[[ DATA PROVIDED, beginning ]]

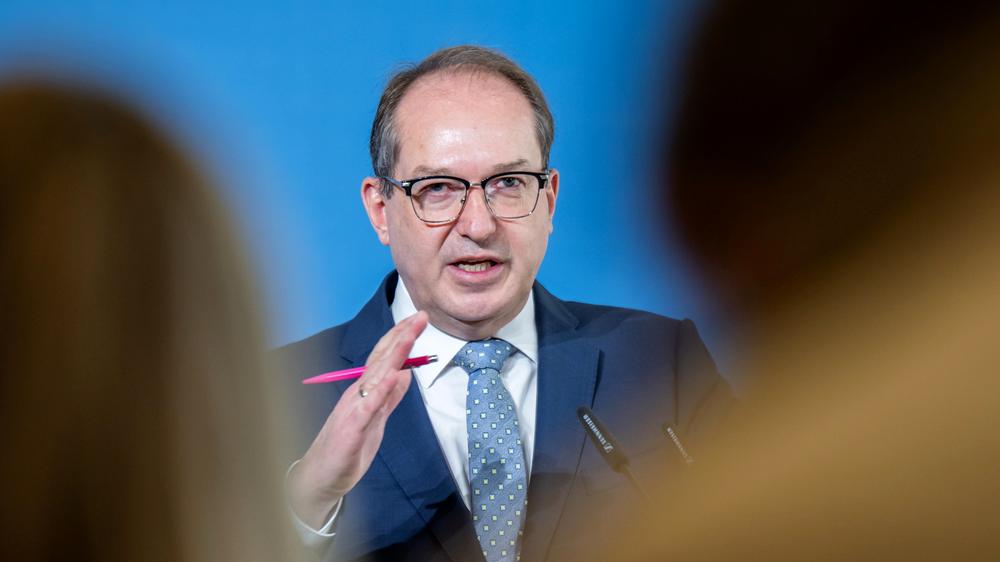 Zivilschutz: Bundesinnenminister Alexander Dobrindt fordert, dass Schüler lernen, wie man sich bei Katastrophen richtig verhält.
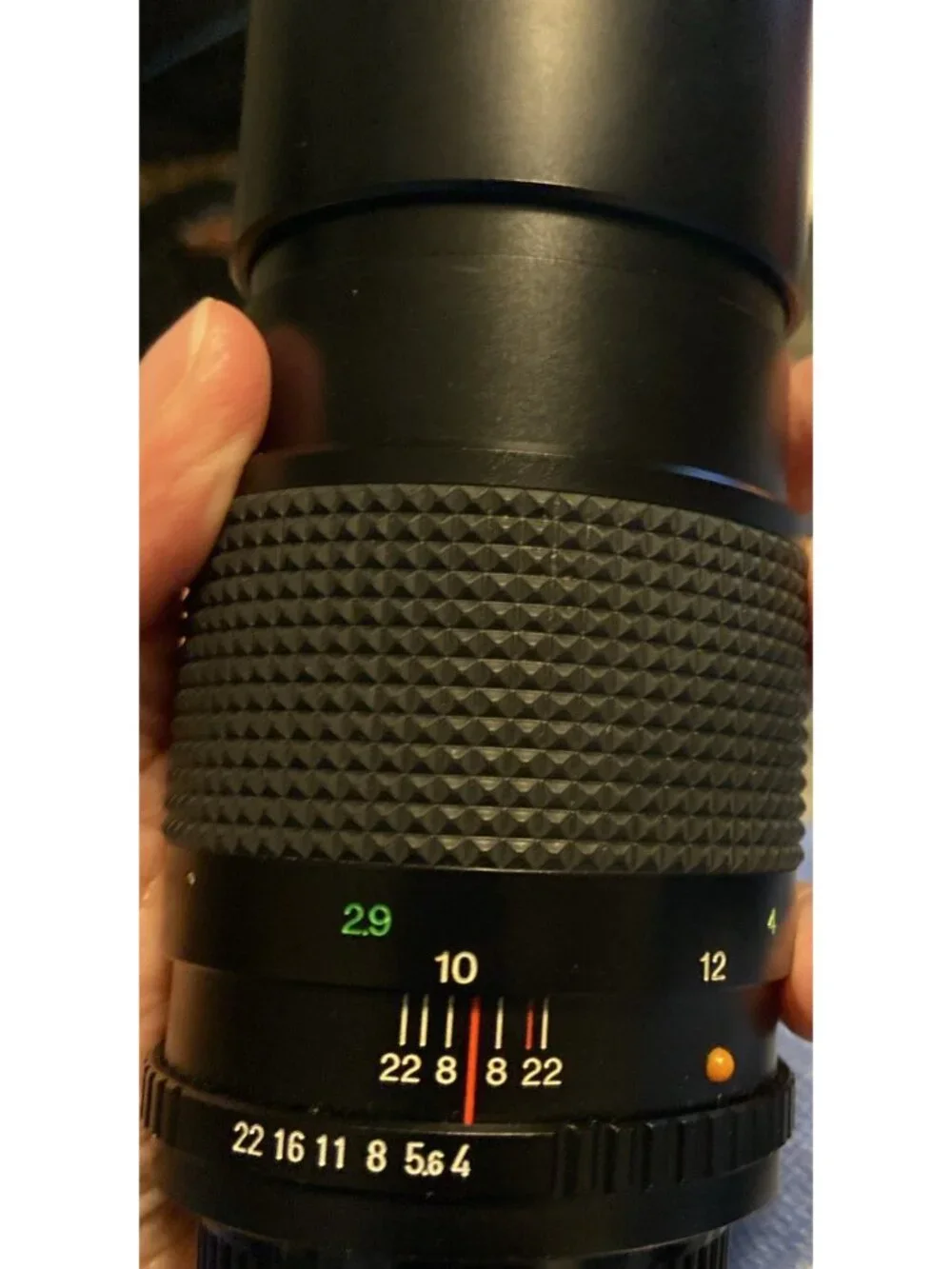 Cosina mirrorless distant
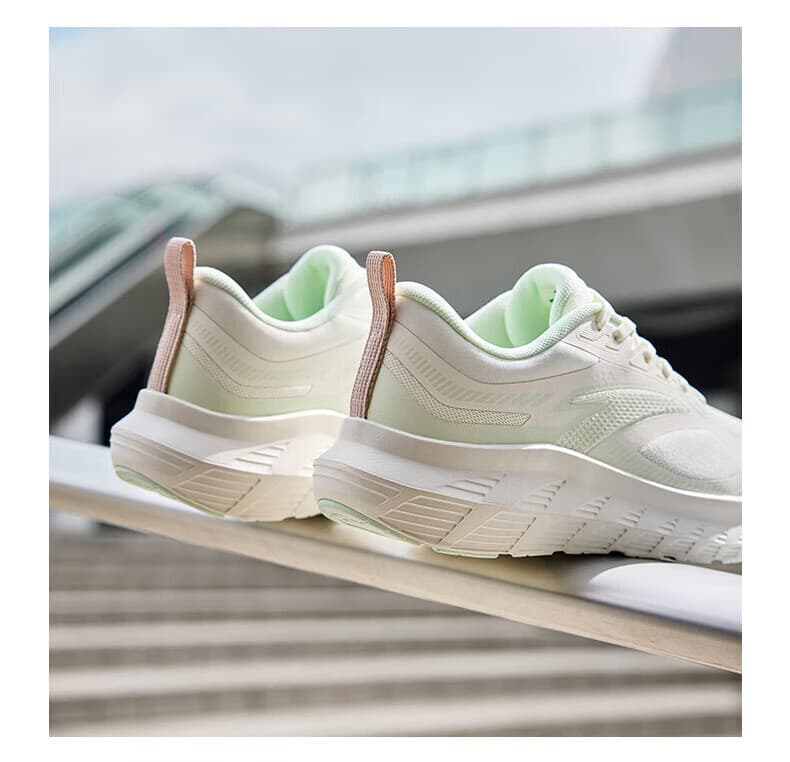 フィットネスシューズ ランニング エアフロー 軽量ランナー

[[ DATA PROVIDED, end ]]

▶ _GOAL OF THE EXERCISE_
What the answer must hold is the exact text of every line from the one containing "Cosina mirrorless distant" through the end of the data, minus any pictures.

▶ _RESPONSE BOX_
 Cosina mirrorless distant
 フィットネスシューズ ランニング エアフロー 軽量ランナー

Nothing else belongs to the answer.